----- Information provided
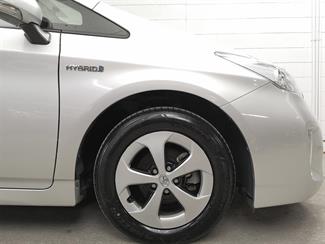 2014 Toyota Prius - Thumbnail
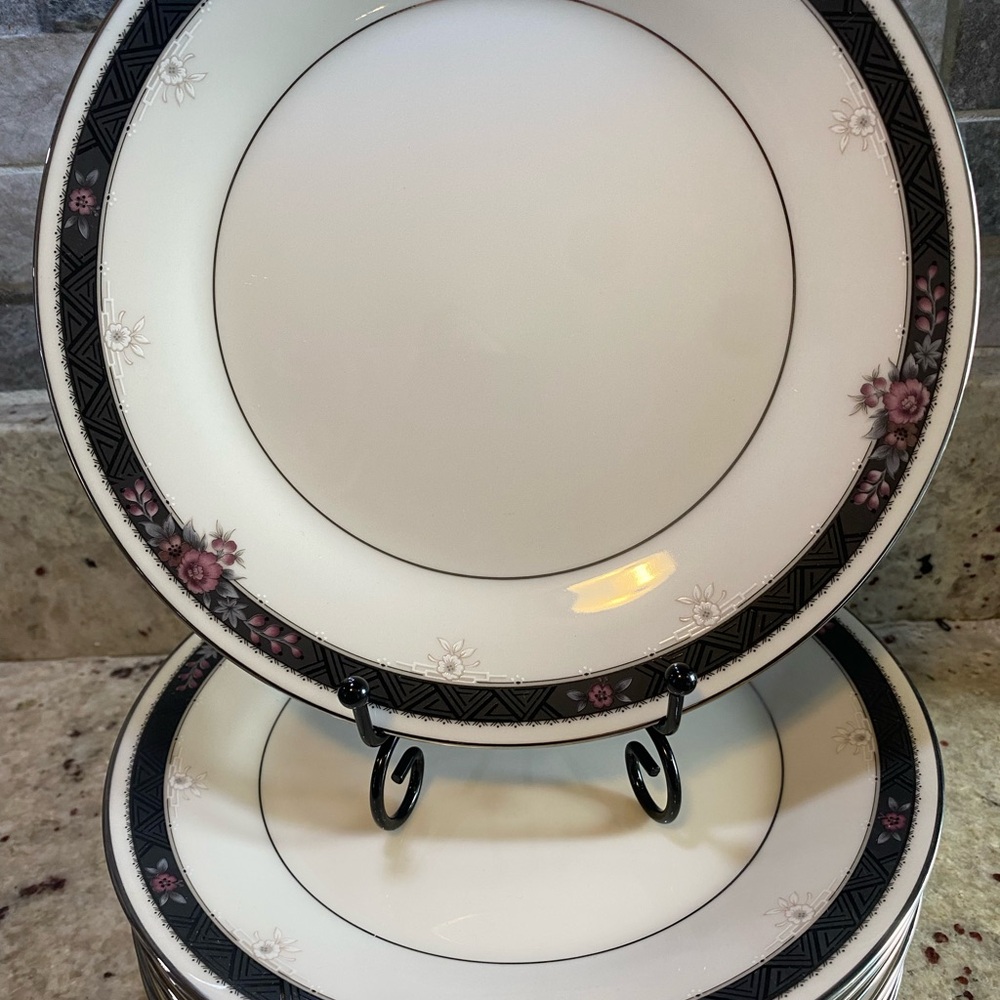 Noritake ETIENNE Ivory Fine China Salad Plates 7260 JAPAN 8 1/4”-Set of‎ 8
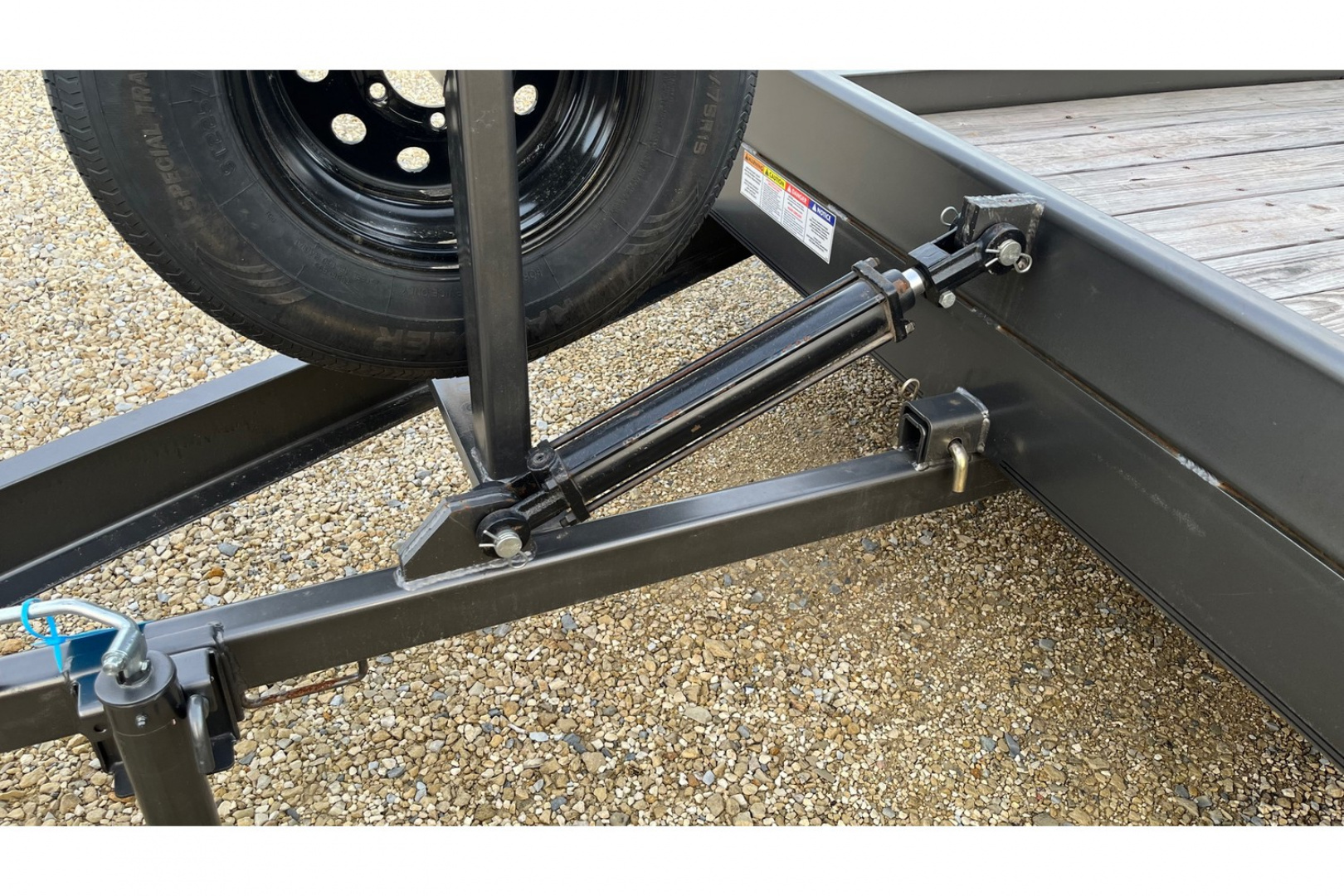 New 2025 HET 5200# - 80'' x 12' Tilt Equipment Trailer - Texas Bragg Trailers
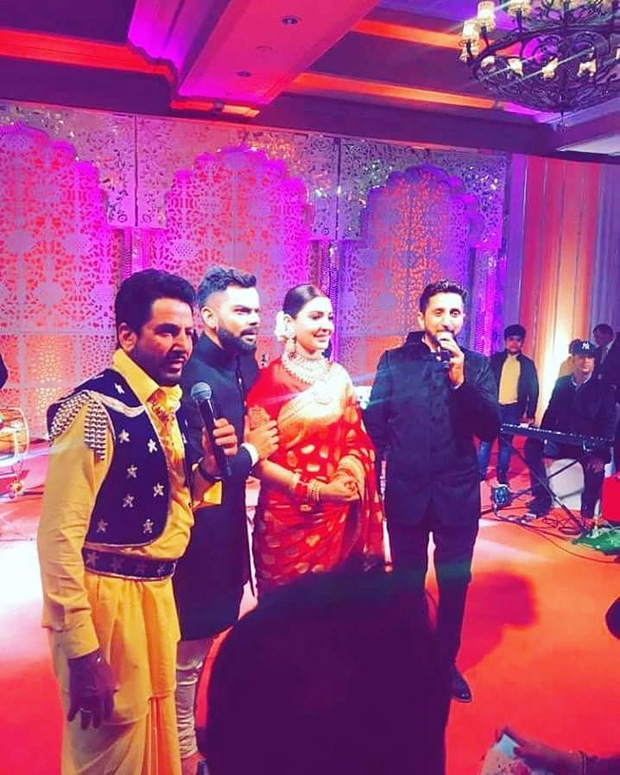 WATCH Anushka Sharma and Virat Kohli groove together on Gurdaas Maan's music at their Delhi reception (2)
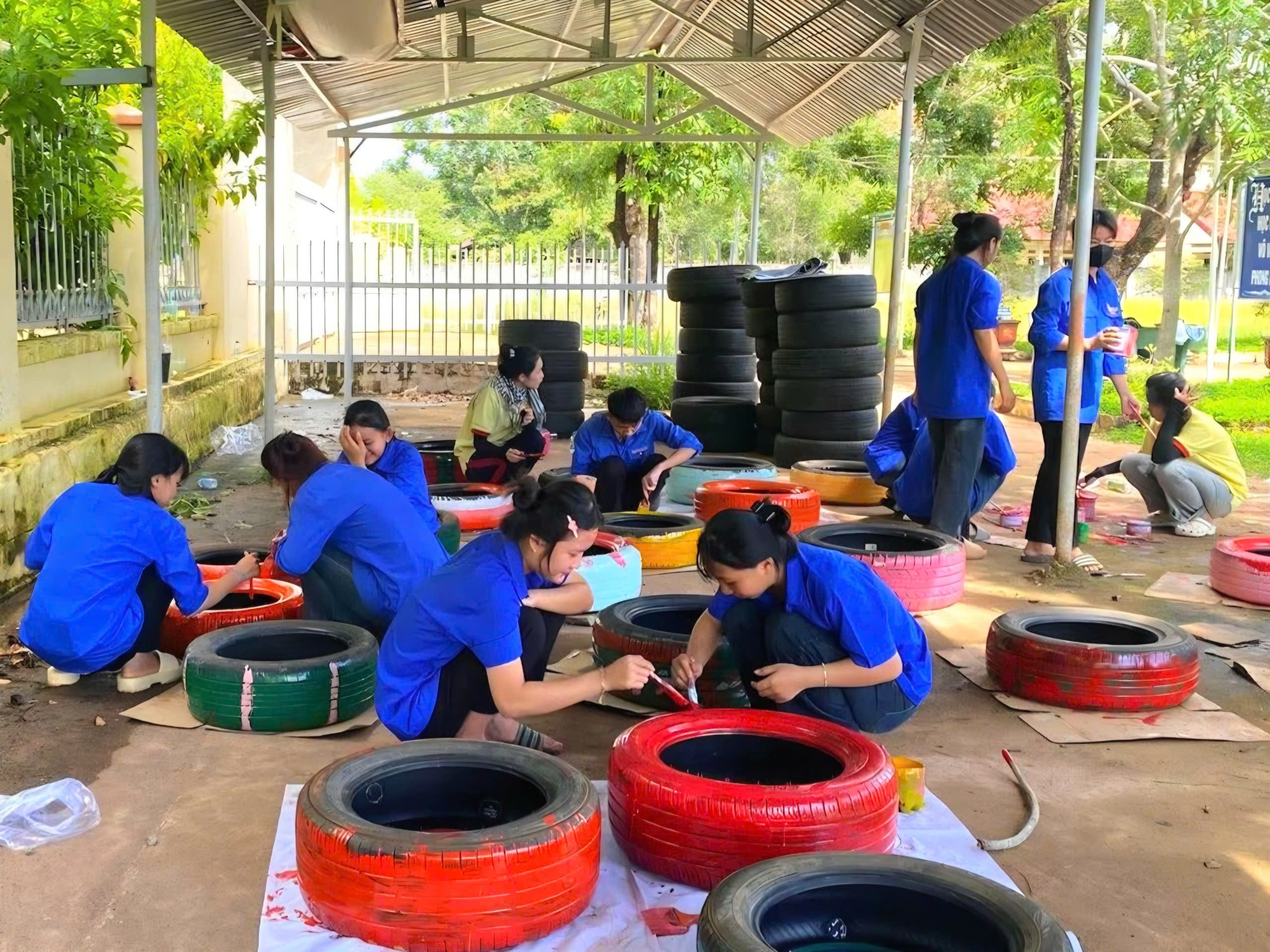 Đội hình dọn dẹp vệ sinh; sơn lốp xe chuẩn bị công trình vui chơi.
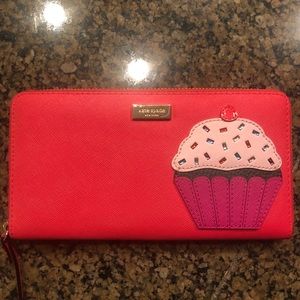 kate spade coral cupcake zip around wallet - EUC
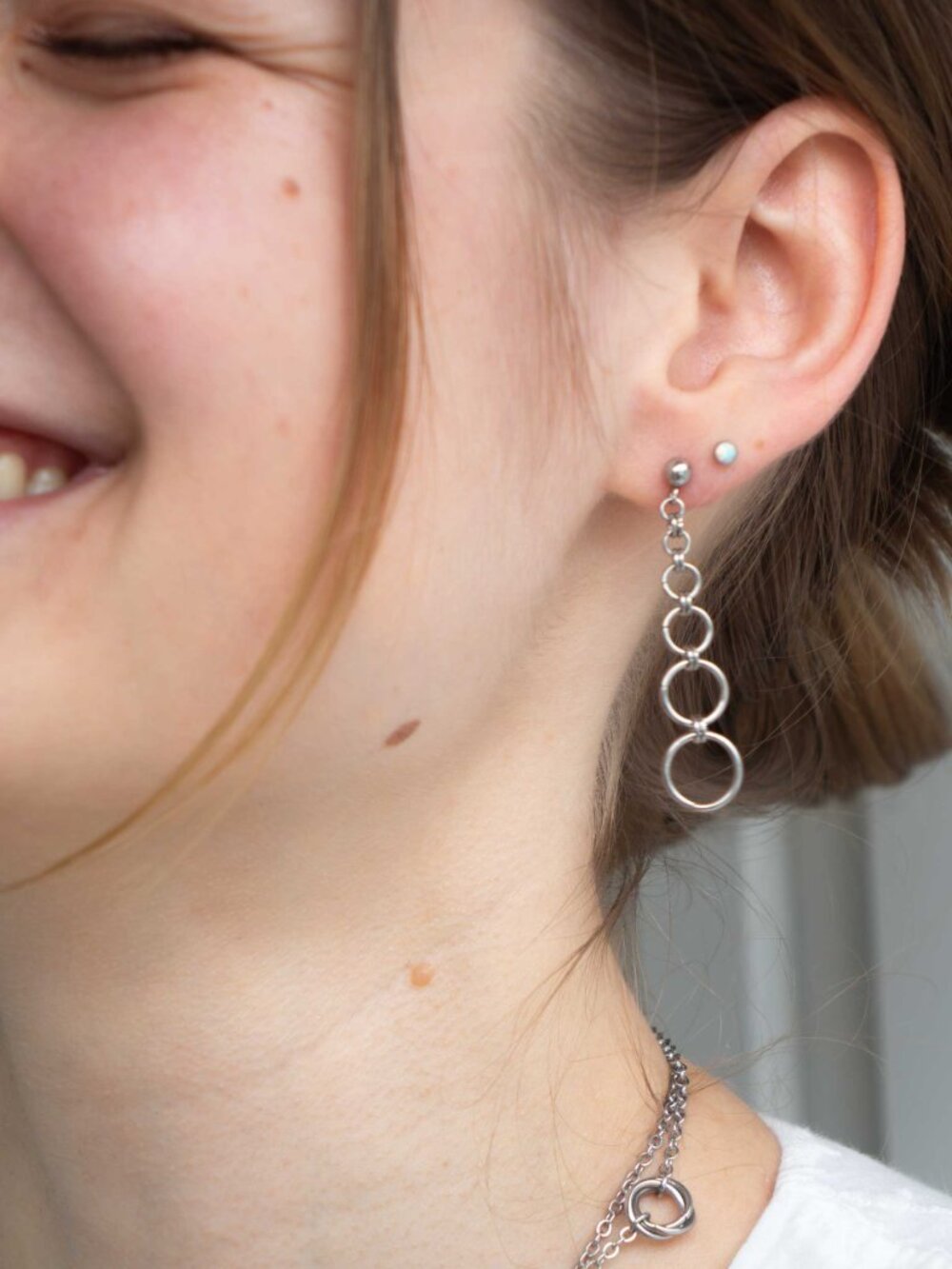 Long silver graduated hoop earrings - Picture 4 of 8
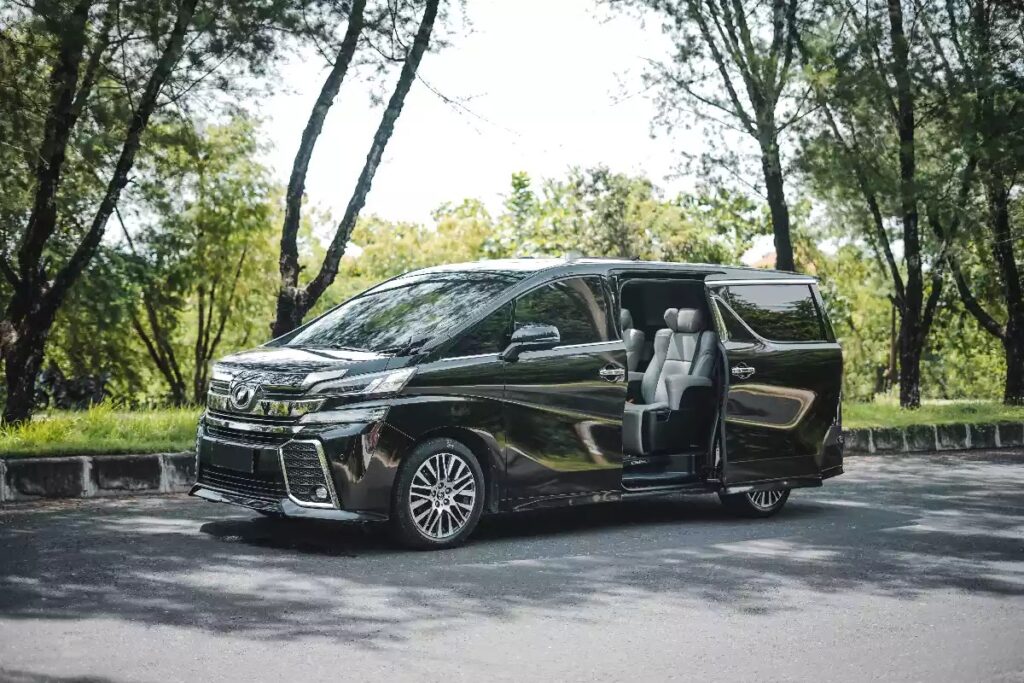 Sewa Alphard Bali untuk pengalaman transportasi mewah di Pulau Dewata.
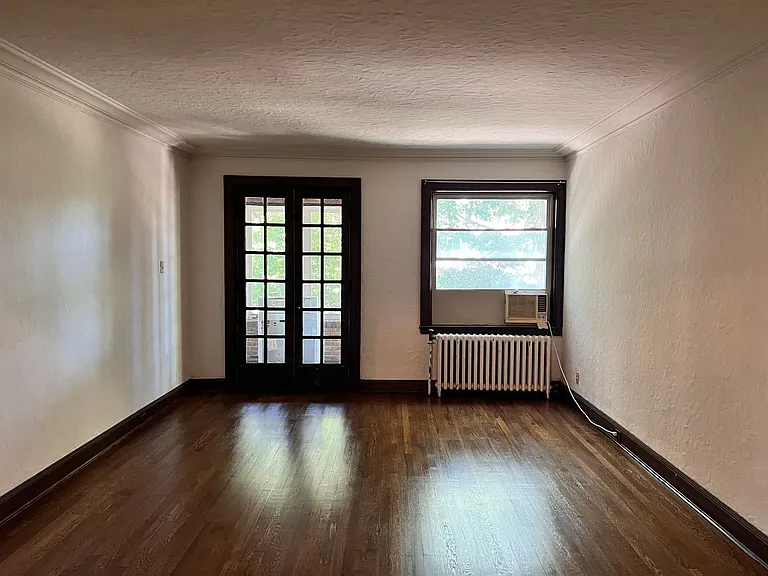 2558 Madison — Photo 69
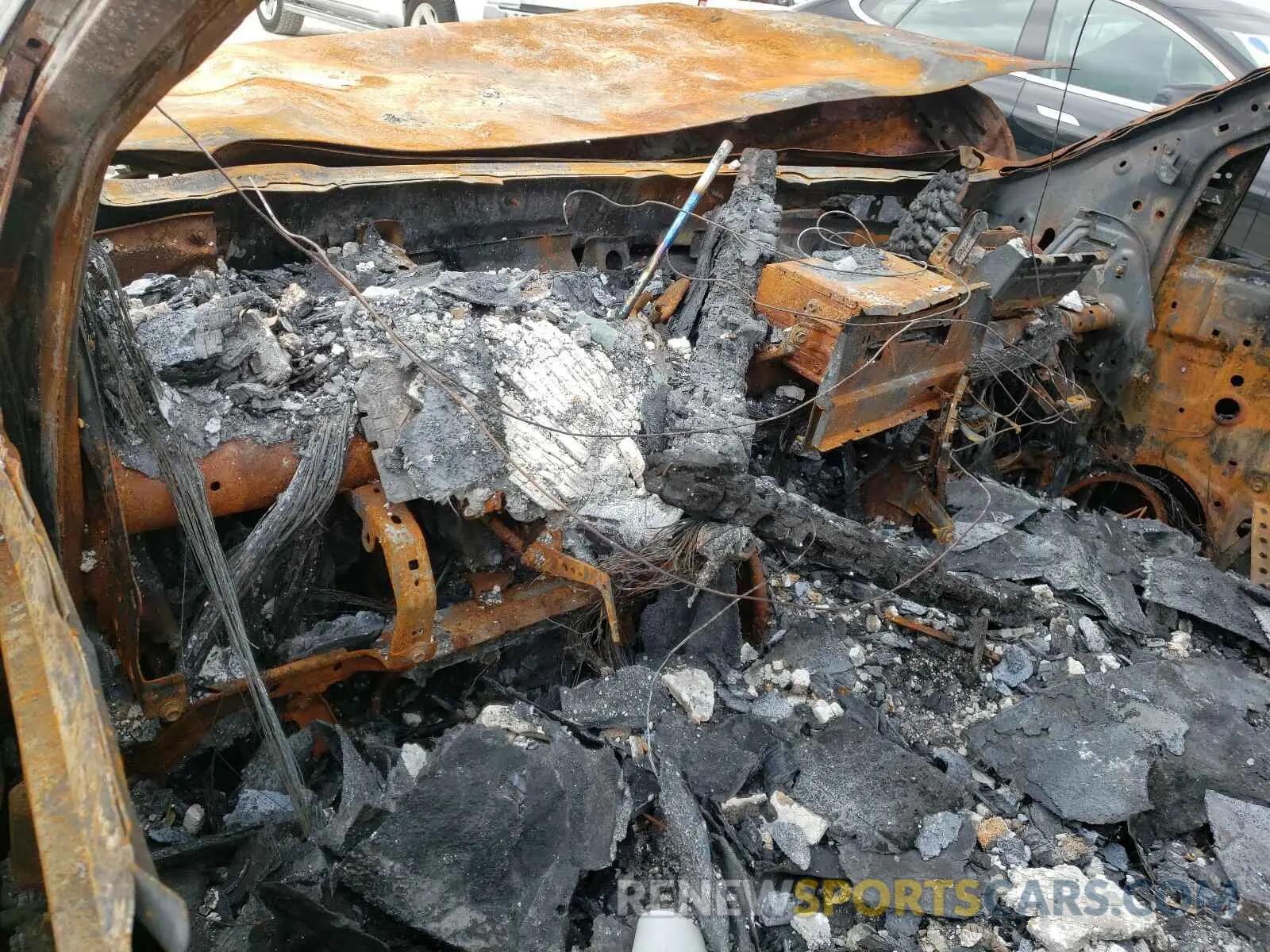 8 Photograph of a damaged car 5TDJGRFHXKS076374 TOYOTA HIGHLANDER 2019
----------
Try it: Transcribe the records above exactly, leaving every picture out of the copy.

Answer to this problem:
 2014 Toyota Prius - Thumbnail
 Noritake ETIENNE Ivory Fine China Salad Plates 7260 JAPAN 8 1/4”-Set of‎ 8
 New 2025 HET 5200# - 80'' x 12' Tilt Equipment Trailer - Texas Bragg Trailers
 WATCH Anushka Sharma and Virat Kohli groove together on Gurdaas Maan's music at their Delhi reception (2)
 Đội hình dọn dẹp vệ sinh; sơn lốp xe chuẩn bị công trình vui chơi.
 kate spade coral cupcake zip around wallet - EUC
 Long silver graduated hoop earrings - Picture 4 of 8
 Sewa Alphard Bali untuk pengalaman transportasi mewah di Pulau Dewata.
 2558 Madison — Photo 69
 8 Photograph of a damaged car 5TDJGRFHXKS076374 TOYOTA HIGHLANDER 2019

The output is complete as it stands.